El otro día una alumna de ESO me dijo: “quiero ser como tú”, y en seguida me aclaró por qué: “porque tú mandas”. En seguida me di cuenta de que yo estaba haciendo algo mal, porque para educar, es necesario que los niños se den cuenta de que sus profesores, sus padres, sus sacerdotes, también obedecen. En la mente entre infantil y adolescente de aquella muchacha, estaba la idea de que quienes mandan pueden hacer lo que quieren mientras que a ella siempre le indicaban lo que tocaba en ese momento. La chispa que desató su comentario fue que no le permitían cambiar de actividad.

En el texto que hoy leemos de san Pablo leemos cómo recuerda que los filipenses siempre han obedecido. Le han hecho caso a él, el apóstol, y no sólo cuando se encontraba presente sino también en su ausencia. Si obedecían a Pablo no era porque le temieran (¿qué les podía hacer un hombre que, además, estaba encarcelado?). Obedecían, como recuerda la carta, porque de esa manera se obraba la salvación de Dios. De hecho habían aprendido de san Pablo a sujetarse a la voluntad de Dios, como hacía el apóstol con toda su vida. Y la voluntad de Dios es nuestra salvación. Resistirse al querer de Dios significa apartarse de su amor y dejar nuestra vida fuera de su gracia. De ahí que el apóstol recuerde también que es Dios quien “quien activa en vosotros el querer y la actividad para realizar su designio de amor”. De alguna manera es como si estuviera diciendo que obedecer es lo mismo que dejarse amar por Dios.

Esa obediencia tiene muchos aspectos. Uno es el que se nos dice inmediatamente, que hay que obrar sin protestas ni discusiones. Todos sabemos que hay muchas maneras de obedecer, de reconocer la dependencia. Una, no poco frecuente, va acompañada de las malas caras, de la protesta, del obrar a regañadientes. Otra, la contraria, es responder con prontitud y alegría a lo que se nos pide. La voluntad de Dios puede ser exigente, pero no es contraria a nuestro bien. De hecho se nos hace más pesada cuando le ofrecemos resistencia y nos ponemos de frente a ella, en lugar de dejarnos empujar por la suave mano de Dios. Quien nos manda, para nuestro bien, es el mismo que nos da la gracia para que podamos cumplir lo que se nos pide.

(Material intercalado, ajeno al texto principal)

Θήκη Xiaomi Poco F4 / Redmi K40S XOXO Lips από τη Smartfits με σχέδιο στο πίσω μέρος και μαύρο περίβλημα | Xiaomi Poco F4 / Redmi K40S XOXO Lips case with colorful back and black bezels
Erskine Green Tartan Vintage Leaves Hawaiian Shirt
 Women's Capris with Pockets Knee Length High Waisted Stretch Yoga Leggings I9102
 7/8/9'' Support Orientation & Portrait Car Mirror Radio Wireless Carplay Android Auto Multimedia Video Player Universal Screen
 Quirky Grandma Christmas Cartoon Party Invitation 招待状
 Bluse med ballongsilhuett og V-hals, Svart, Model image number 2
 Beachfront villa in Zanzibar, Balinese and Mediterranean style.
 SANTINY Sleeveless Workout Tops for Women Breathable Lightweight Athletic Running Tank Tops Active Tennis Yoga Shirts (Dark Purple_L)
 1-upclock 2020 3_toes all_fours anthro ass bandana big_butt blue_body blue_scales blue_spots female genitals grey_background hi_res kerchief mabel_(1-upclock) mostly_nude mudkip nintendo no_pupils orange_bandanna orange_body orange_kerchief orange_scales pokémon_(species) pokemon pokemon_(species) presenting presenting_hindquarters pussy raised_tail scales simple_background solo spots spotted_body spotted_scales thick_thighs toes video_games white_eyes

San Pablo añade un comentario a las consecuencias de la obediencia alegre. Dice que de esa manera mostramos al mundo “una razón para vivir”. Estas palabras dan mucho que pensar. Encontramos en la historia muchos episodios en los que los hombres han luchado por su libertad. De hecho este es uno de los mayores dones que Dios nos ha dado. También hoy, no son pocos quienes buscan estabilidad económica para independizarse o se esfuerzan por encontrar unas condiciones en las que poder vivir con mayor autonomía. Todo eso es bueno. Pero san Pablo no habla de una obediencia que nos impida ser libres sino, al contrario, de una libertad que sabe quién es su origen y para qué sirve. Nuestra libertad viene de Dios y sólo reconociéndonos dependientes de Él somos capaces de mantenerla verdaderamente. Igualmente, nuestra libertad se ordena a Dios, bien infinito, en quien vamos a encontrar la plena satisfacción de nuestros deseos.

San Pablo nos exhorta con su misma vida, dispuesto a derramar su sangre, para permanecer fiel al amor de Cristo, de quien lo ha recibido todo, y con quien quiere estar para siempre.